I started by digging into Construction Check’s internal database of commercial project costs and then layered in external data from a wide range of sources: Bureau of Labor Statistics wage data, Home Depot material pricing (which I pulled using SerpAPI), FEMA’s natural hazard risk indices, NOAA storm event data, and labor productivity metrics. After cleaning and merging these very different datasets, I inflation-adjusted all costs to 2025 dollars and normalized everything relative to Atlanta, which we used as the baseline city.

The modeling process was iterative and taught me a lot about how messy and complex real-world data can be. I filtered outliers, engineered features like a square-footage/year interaction term, and even used clustering to better structure the dataset before training the models. I tested Linear Regression, Random Forest, XGBoost, and LightGBM, and in the end, LightGBM came out on top with an R² of 0.665 and a MAPE of 31.7%. It was able to predict relative construction costs for 102 U.S. metro areas—essentially a living cost factor model that adjusts to actual market data.

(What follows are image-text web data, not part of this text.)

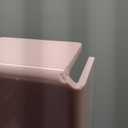 WINFFOR Acrylic Keyboard Cover Protector - Mechanical Keyboard Dust Cover Computer Keyboard Cover Keyboard Protector Fits 17'' Keyboard (Lightpink)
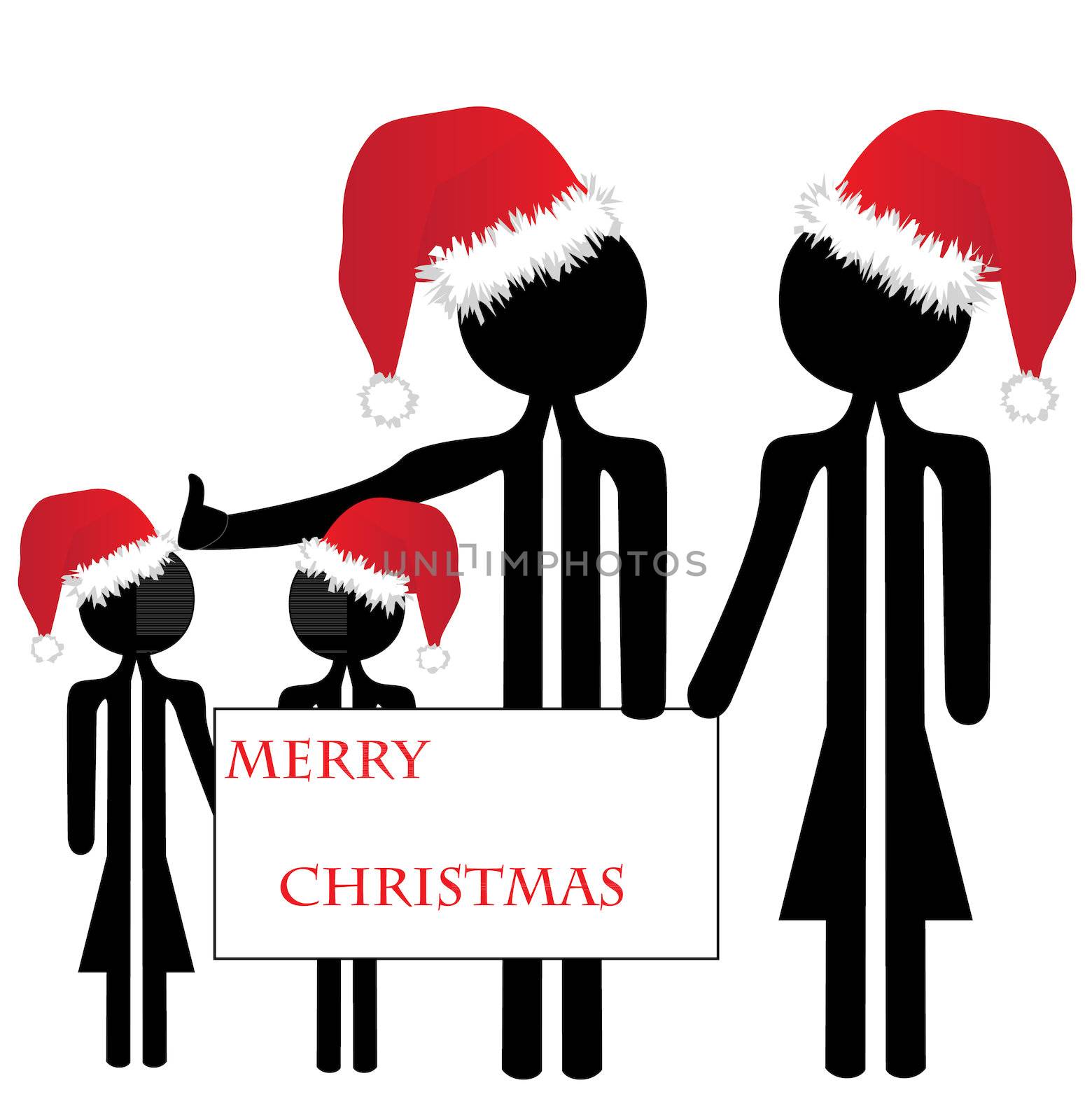 family merry christmas by compuinfoto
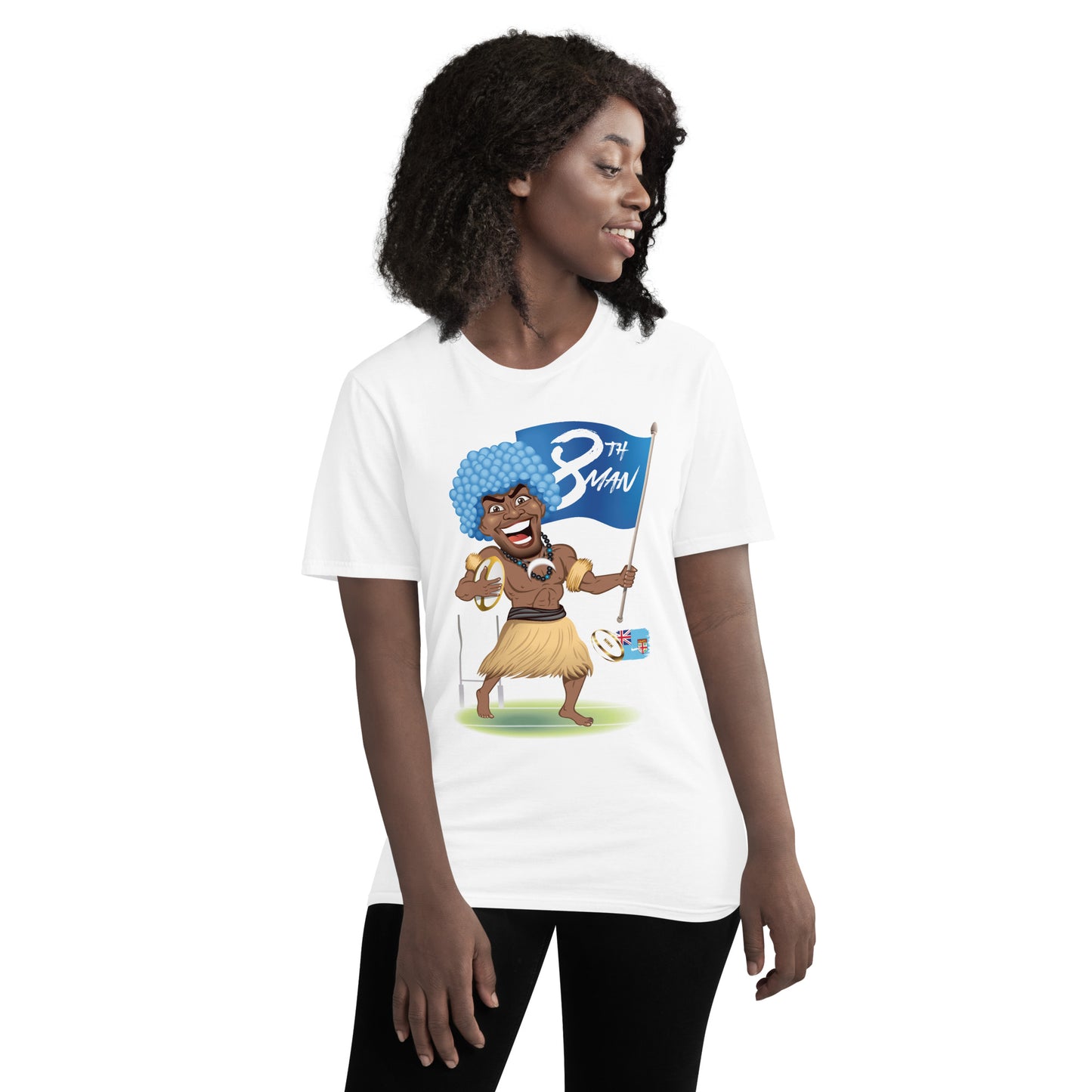 Cartoon Fiji 8th Man Short-Sleeve T-Shirt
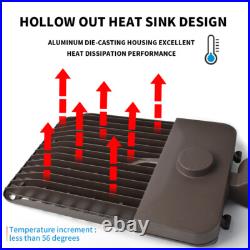 4 Pack 300W LED Parking Lot Light Outdoor, 5000K LED Pole Light with Slip Fitter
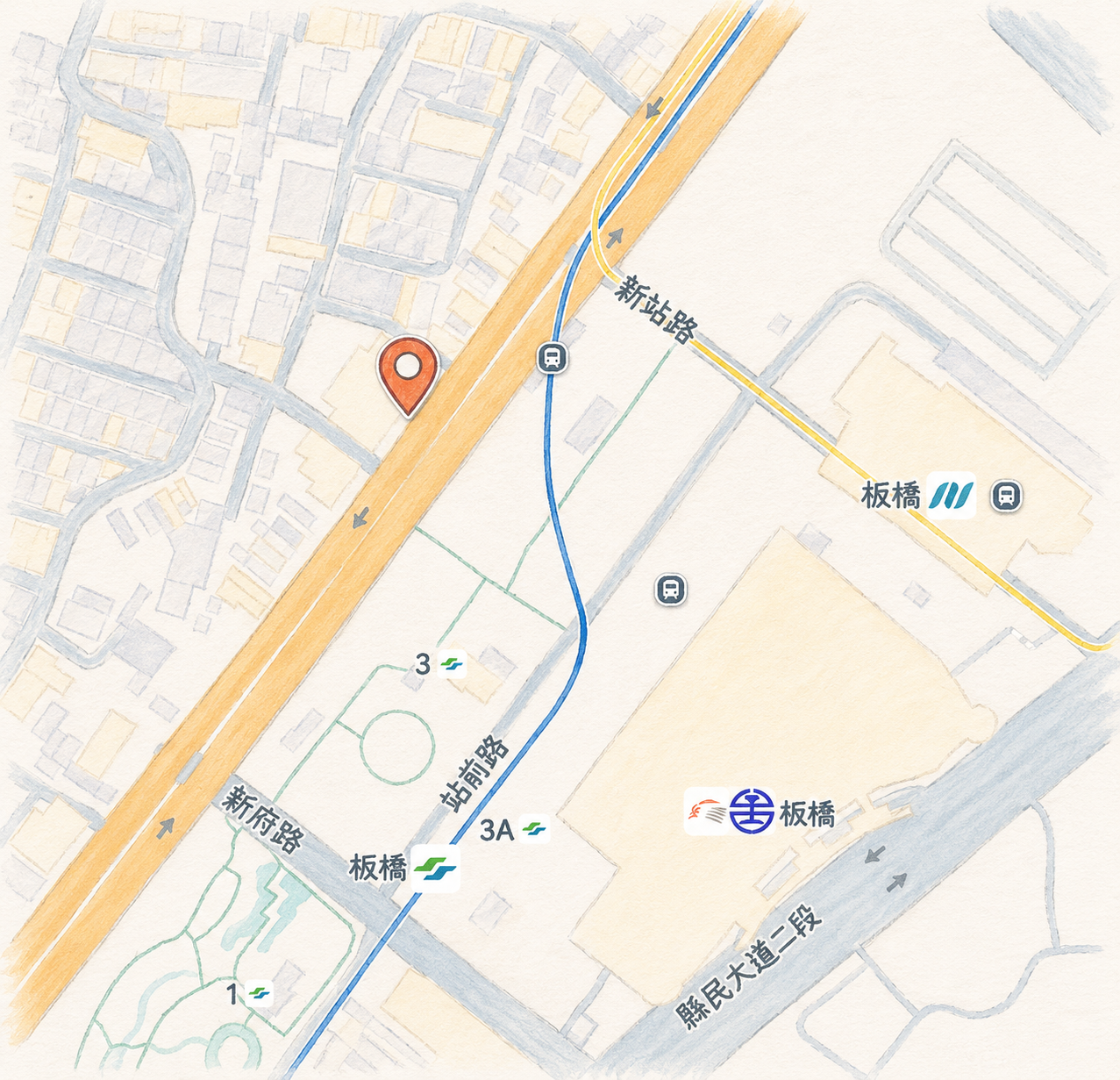 板橋館周邊地圖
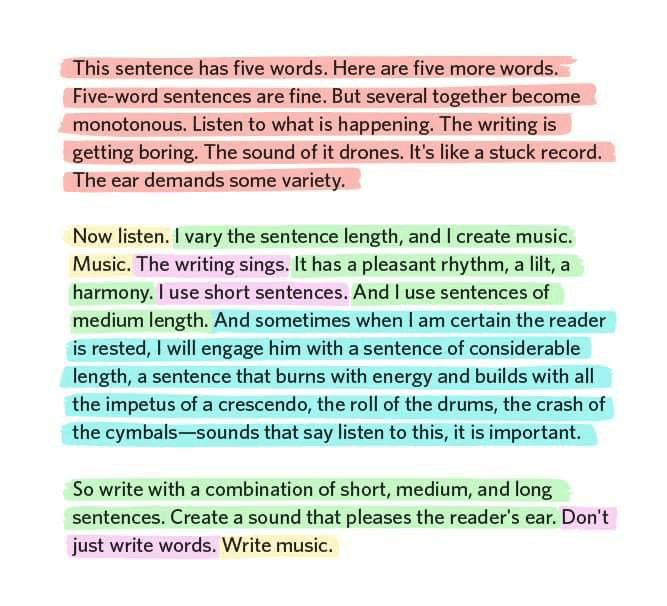 Aprende a redactar con estilo frases cortas y largas para mejorar el ritmo narrativo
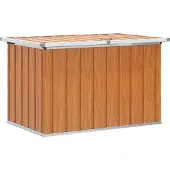 vidaXL Außenlagerbox Holz 109 x 67 x 65 cm Verzinkter Stahl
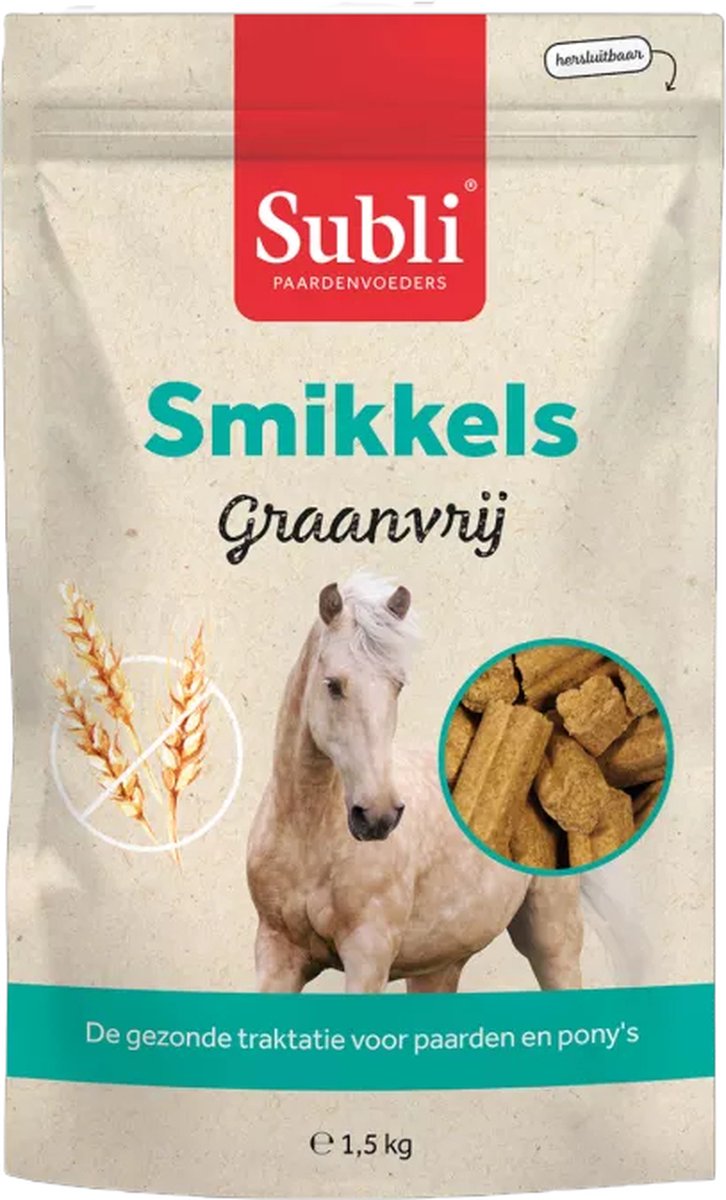 Subli Smikkels Graanvrij - Paardensnoepjes - 1.5 kg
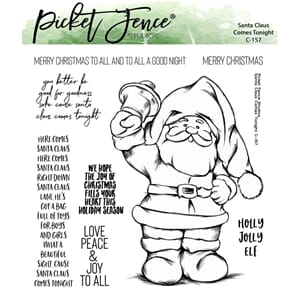 Picket Fence Studios - Santa Claus Comes Tonight 6x6 Stamps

It wasn’t easy. Accessing detailed construction cost data was a huge hurdle, since most commercial datasets like RSMeans are behind paywalls, so I had to get creative with free sources. Merging datasets from different geographic definitions was another challenge, and I had to manually reconcile cities that didn’t line up. Finally, the sheer influence of project square footage made avoiding overfitting a constant concern.

But the outcome was worth it. The project was a great exercise on applying machine learning to adaptively capture local cost differences—something static indices simply can’t do. It’s exciting to think about how this kind of model could make budgeting and planning more accurate for public agencies, developers, and planners working in different parts of the country.